Show that $\hat\theta=\frac{2 \bar Y- 1}{1- \bar Y}$ is an unbiased estimator for $\theta$ Let $Y_1,Y_2,...,Y_n$ denote a random sample from the probability density function
$$f(y| \theta)= \begin{cases} ( \theta +1)y^{ \theta}, & 0 < y<1 , \theta> -1 \\ 0, & \mbox{elsewhere},   \end{cases}$$
Find an Estimator for $\theta$ by using the method of moments and show that it is consistent.
I have found the estimator but unsure how to show that it is consistent estimator.

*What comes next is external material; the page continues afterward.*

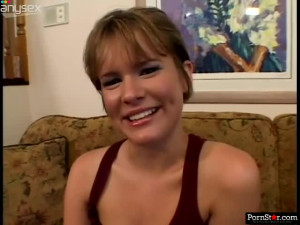 Cute short haired babe Claire Robbins is getting her pussy licked while her ass is finger fucked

E(Y)=$ \frac{ \theta +1}{ \theta +2}$ and $m_1'(u)= \frac{1}{n} \sum_{i=1}^{n}Y_i= \bar Y$
Now, E(Y)=$ \frac{ \theta +1}{ \theta +2}$=$m_1'(u)= \frac{1}{n} \sum_{i=1}^{n}Y_i= \bar Y$
So $\bar Y=\frac{ \theta +1}{ \theta +2} \to \hat\theta=\frac{2 \bar Y- 1}{1- \bar Y} $
Now I am unsure how to show that $\hat\theta=\frac{2 \bar Y- 1}{1- \bar Y}$ is an consistent estimator for $\theta$
Can someone please help me?
 A: Given the answers and comments on both sites, you're probably done with your homework. The following is just a clarification for future visitors.
This is your statistical model: you have random variables $Y_1,\dots,Y_n$, which are independent and identically distributed, with $Y_i\sim\mathrm{Beta}(\theta +1,1)$, for $\theta>-1$.
An unbiased estimator $\hat{\theta}_n=\hat{\theta}_n(Y_1,\dots,Y_n)$ of the parameter $\theta$, by definition, must satisfy $\mathrm{E}_\theta[\hat{\theta}_n]=\theta$, for every $\theta$. The original question is wrong, because the estimator obtained by applying the method of moments to this problem is not unbiased.
An estimator $\hat{\theta}_n$ of the parameter $\theta$ is (weakly) consistent if $\hat{\theta}_n \stackrel{P_\theta}{\longrightarrow} \theta$, for every $\theta$, and strongly consistent if $\hat{\theta}_n \longrightarrow \theta$, a.s. $[P_\theta]$, for every $\theta$. In what follows, we compute the method of moments estimator for $\theta$ and prove that it is strongly consistent (yielding that it is weakly consistent).
To obtain the estimator, note that first population moment is $\mathrm{E}_\theta[Y_1] =(\theta+1)/(\theta+2)$, and the first sample moment is $\bar{Y}_n=(Y_1+\dots+Y_n)/n$. Equating both moments we find the estimator
$$
  \hat{\theta}_n = \frac{2\bar{Y}_n-1}{1-\bar{Y}_n} \, .
$$
Since the function $t\mapsto (2t-1)/(1-t)$ is continuous in the appropriate domain, by the Strong Law of Large Numbers we have
$$
  \hat{\theta}_n \longrightarrow \frac{2\mathrm{E}[Y_1]-1}{1-\mathrm{E}[Y_1]} = \theta \, ,
$$
almost surely $[P_\theta]$, for every $\theta$. Therefore, the method of moments estimator $\hat{\theta}_n$ is a consistent estimator of the parameter $\theta$.